A hint of pride straightens her shoulders, and the corners of her lips curve into a half-smile. “Thanks.”
“You made this?” I grabbed a granola bar and an apple at my apartment, but my stomach rumbles at the prospect of something…so very different than my everyday diet. The first bite takes me back to my mama’s cooking, and I think I moan a little.
In the light of the street lamp, her cheeks glisten with the misty rain and turn a bright pink. “I work at a food truck. Today’s menu was Mexican comfort food.”
“My mama learned how to cook from my abuela, who grew up in Mexico. These are the best enchiladas I’ve had since I left Texas.”
She toys with a blue pendant hanging from a silver chain around her neck. Joy and sadness battle for control of her features, but joy seems to win in the end. “Thank you. That means a lot.”

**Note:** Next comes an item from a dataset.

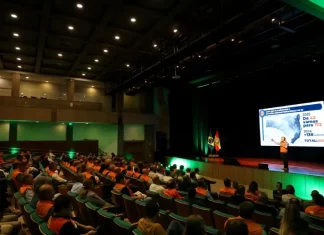 Evento do Governo de SC anuncia investimento em Defesa Civil em Santa Catarina, com apresentação para autoridades e equipes no teatro em Florianópolis.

A tendril of long brown hair plasters itself to her cheek as she stares down at her sensible black shoes. Her ankle’s wrapped in an ACE bandage, and as she fidgets, I can tell she isn’t putting all her weight on it. “You okay? After last night?”

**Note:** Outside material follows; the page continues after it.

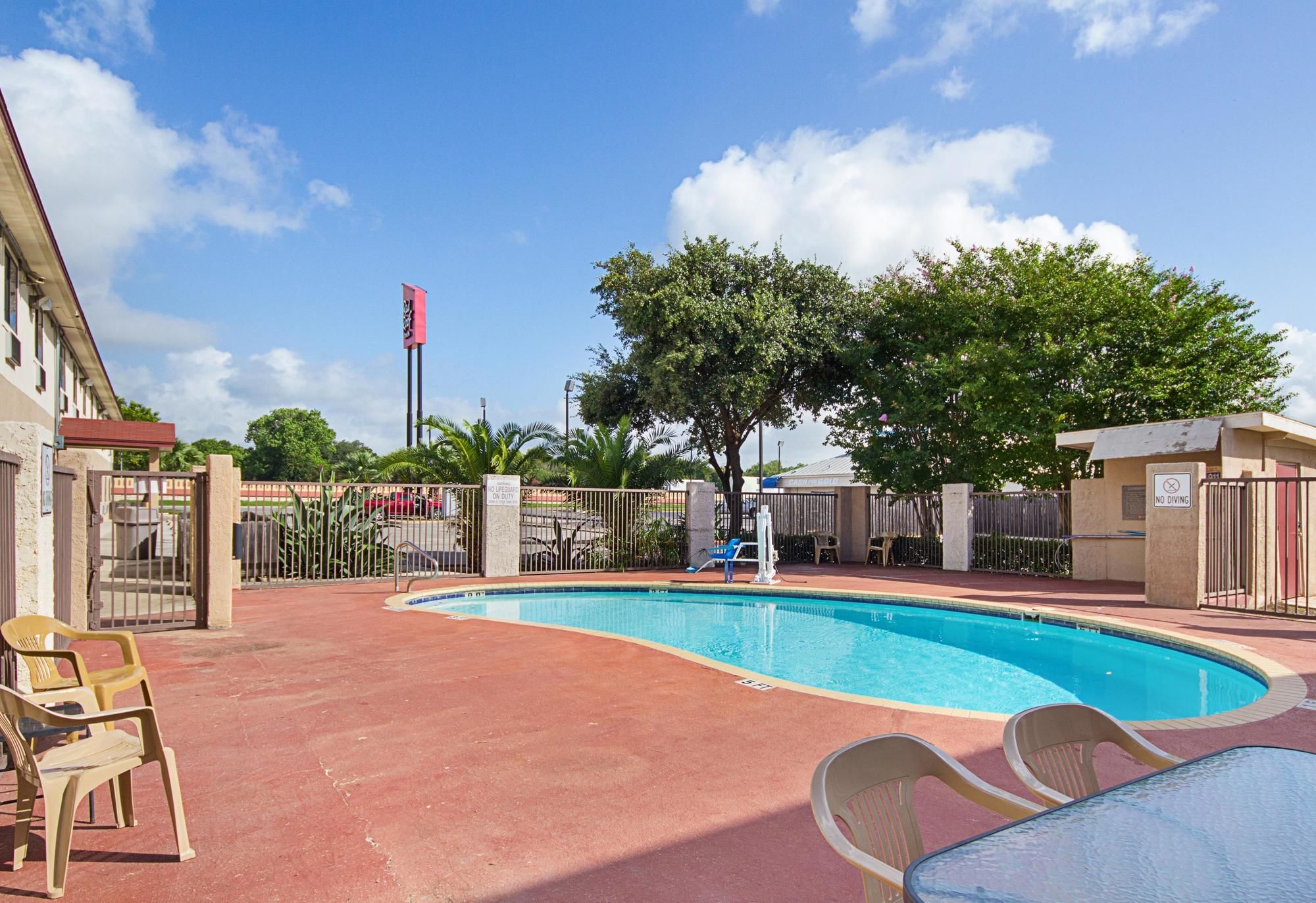 Super 8 by Wyndham New Braunfels I-35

“Oh. Yes. I should…go. Let you eat in peace.”
“Wait.” I don’t know why I’m stopping her. But the idea of her being hurt, and that I caused it, doesn’t sit well with me. “What’s your name?”
“Cara,” she says quietly.
“You live…uh…close?” Her eyes widen, and I kick myself. If she didn’t think I was a stalker or an axe murderer before, she does now. “I just mean…it’s wet out. And you weren’t the most graceful last night. I…be careful, okay?”

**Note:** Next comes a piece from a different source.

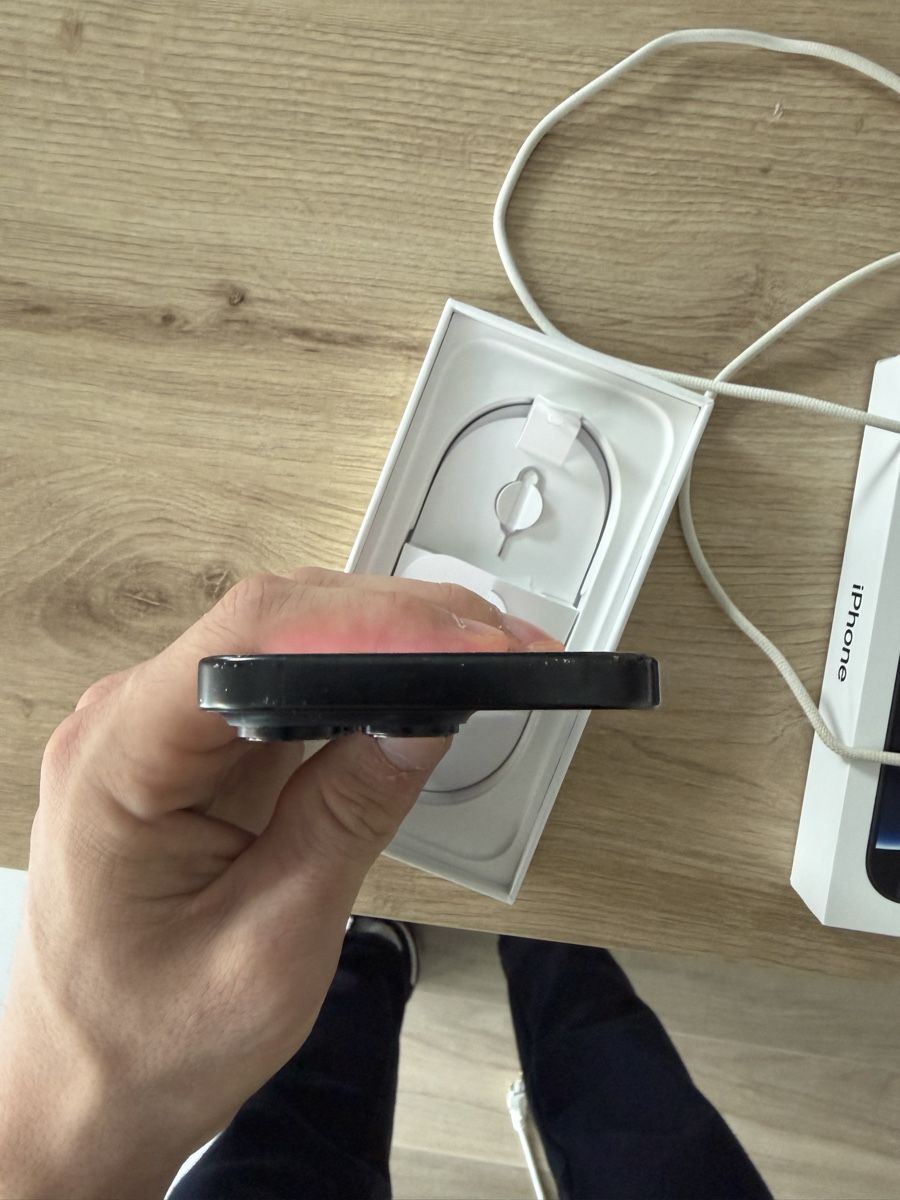 Apple Portables: Apple iPhone 16 Pro 128GB – D'occasion à Cham par Goodjob8 4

A scowl twists those heart-shaped lips, and she levels me with an acerbic stare. “I’m not the one sleeping on the streets with no defenses. And I’m very graceful. When I want to be. Good night, Ripper.” Her curtsey is a little lopsided since she isn’t putting her full weight on her right foot, but she turns on her left heel and starts limping away.
“‘Night, Cara.” As the rain intensifies and I dig back into the takeout container of enchiladas, I wonder why it’s easier for me to talk to a stranger than it is the men I consider my brothers.